Forgive me for not posting more; I am concluding my graduate work in the University of Massachusetts Amherst in Labor Studies, where I shall attain my Master’s degree, on May 11. Education remains the greatest form of self-empowerment, for an individual and a class, particularly the working class. Please look them up at https://www.umass.edu/lrrc/.
We have just commemorated the assassination of the Reverend Dr. Martin Luther King, as he was in Memphis to support the strike by sanitation workers who tried to attain a decent wage from the city. This was made in conjunction with the Poor People’s March, the movement to challenge economic oppression, just as King challenged racial oppression. To King, and to anyone paying attention, the two struggles are synonymous; oppression based on race and class are equally reprehensible, and the pitting of low-income whites against African-Americans has been a longstanding tactic to prevent the two sides from working together for their mutual benefit. King advocated the unity of working and low-income people against the systems of oppression keeping all of them down, and the Poor People’s Campaign, and the Civil Rights movement in general, were to him all of one piece.
Along with this, King challenged the justice of the Viet Nam war, as only a person loving his country could; paying for the war meant taking money from the programs of the Great Society, to continue a war that Lyndon Johnson knew could not be won, to support a gang of “generals” in Saigon posing as a government and robbing and terrorizing their own people. King knew that was not what America was supposed to be about, and he sought to raise the nation to a higher vision.
This opposition to the Viet Nam war, and his organizing the Poor People’s movement, cost him the approval of the media of the time and from the Johnson administration, and from the Liberal-moderate politicians who supported King previously.
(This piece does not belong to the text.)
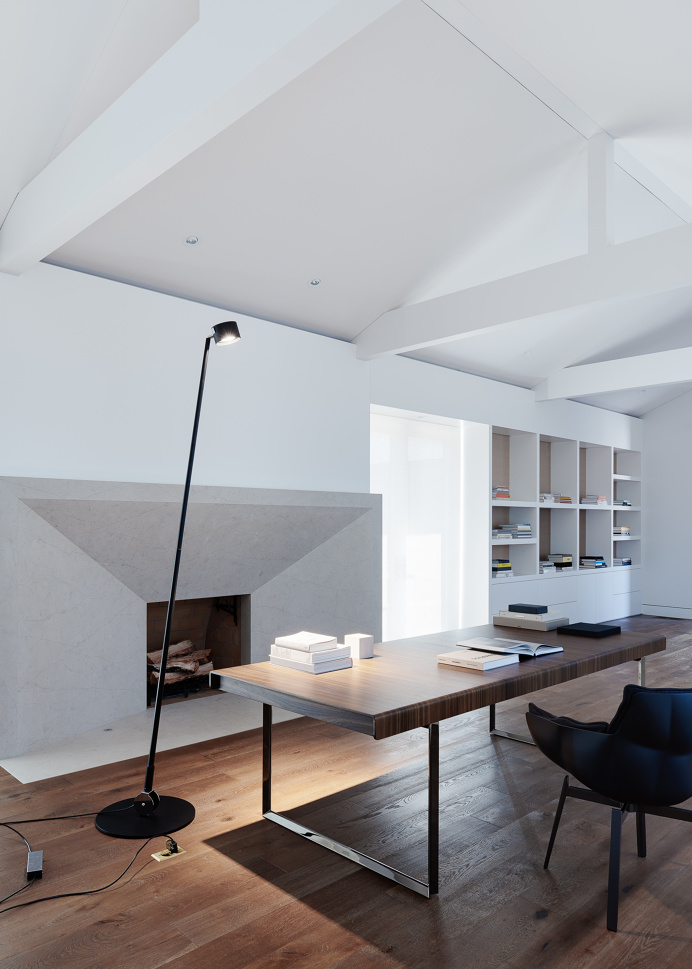Ryan Residence by Garcia Tamjidi Architecture Design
The Gallup poll of August 1966 rated King:
Total favorable, 33%
Total unfavorable, 63%
At this time, King started to challenge racial bias in housing in the northern states; King was struck in the head by a rock by counter-protestors during the march in Marquette Park in Chicago. It was only after his murder that he started becoming the sanitized saint we see on the news media.
Now we see the movement of athletes, like Colin Kaepernick, “taking the knee” during the National Anthem to protest police violence against racial minorities, and taking the heat for doing so, being accused of “dishonoring the flag,” when in fact the knee-taking calls out America’s failure to the “the land of the free and the home of the brave.”
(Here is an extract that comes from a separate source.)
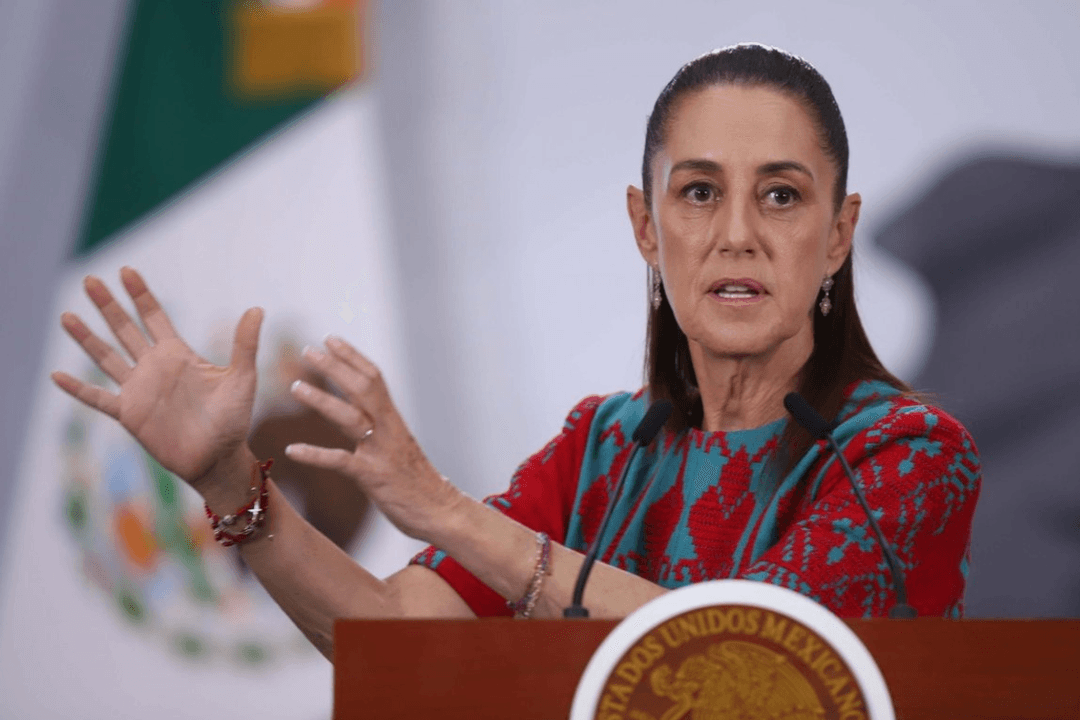 Sheinbaum exige a EU extraditar a 6 criminales pendientes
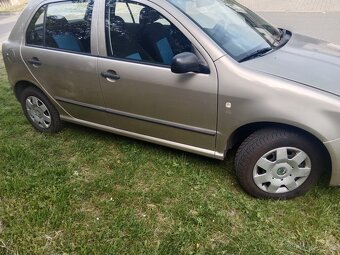 Škoda Fabia - 2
It’s like that with social movements; they challenge existing social and economic structures, which have been accepted as normal and natural by just about everyone-except those in the movements-and people’s thinking would have to adjust to the ideas the movement present; butt after the passage of time, the new ideas evolve into the new orthodoxy. (But still, the old social-racial-economic ideas have their believers, and they pull back and wait for when their old ideas and be put into place-often repackaged as something “new” and “revolutionary,” like the “new and improved” label on a box of detergent.)
No matter what an important social movement does, no matter how well-behaved its activists and participants behave to seeking their rights, the conservative forces-yes, I’ll use that word-act like they’re doing something terrible, or unpatriotic, or oppressing or slandering the adherents of the old order. (It’s a zero-sum thing with conservatives; they act like a formerly oppressed group standing up for their rights means rights being takin from the once-dominant group.) Liberal-moderate politicians try to make the government a neutral arbiter between the two sides, to work out a compromise beneficial to both; but the once dominant group complains of having their rights taken from them-as if they have the lord-of-the-manor right to oppress whoever they choose, and they don’t believe in giving up any of their power or in dealing with the former out-group.
We see this in the writings of Ayn Rand, coming out just after the New Deal was settling into the minds of Americans, and workers were allowed-under the National Labor Relations Act-the right to organize unions (Awful nice of the rulers to do that). In Rand’s world, capitalists, once the dominant force in politics, are now starving, oppressed geniuses tyrannized by government officials and unions of workers, and by the larger voting public which, as presented in Atlas Shrugged, have no business in the affairs of the business tycoons; in Rand’s view, the public should let the capitalists do their capitalist thing of getting as much profit as they can out of whatever they do for their own greed and avarice, and through the magic of the Free Market, EVERY body benefits, because of that we will ALL prosper from the capitalists’ greed and selfishness. Rand wrote about this like it was something radical and revolutionary, something never done before, but in reality it’s the old plutocratic order reclaiming its throne.
(Interesting-the conservative “hard-boiled realists” who supposedly know so much of how the real world works, as opposed the dreamy-eyed liberals-socialists-communists and their utopian ideas-the same conservatives look to a poorly made work of “fiction”, populated by written-down cartoon characters, as their guidebook to economic reality, how to grow the economy.)
I have also been celebrating May Day, the international holiday honoring workers, which was given a bad reputation by its association with the Communist regimes in Beijing and Moscow; but the real history of May Day, coming out of the struggles for the eight-hour day in the United States, is getting more attention. Let us keep that work up of educating ourselves and our fellow workers.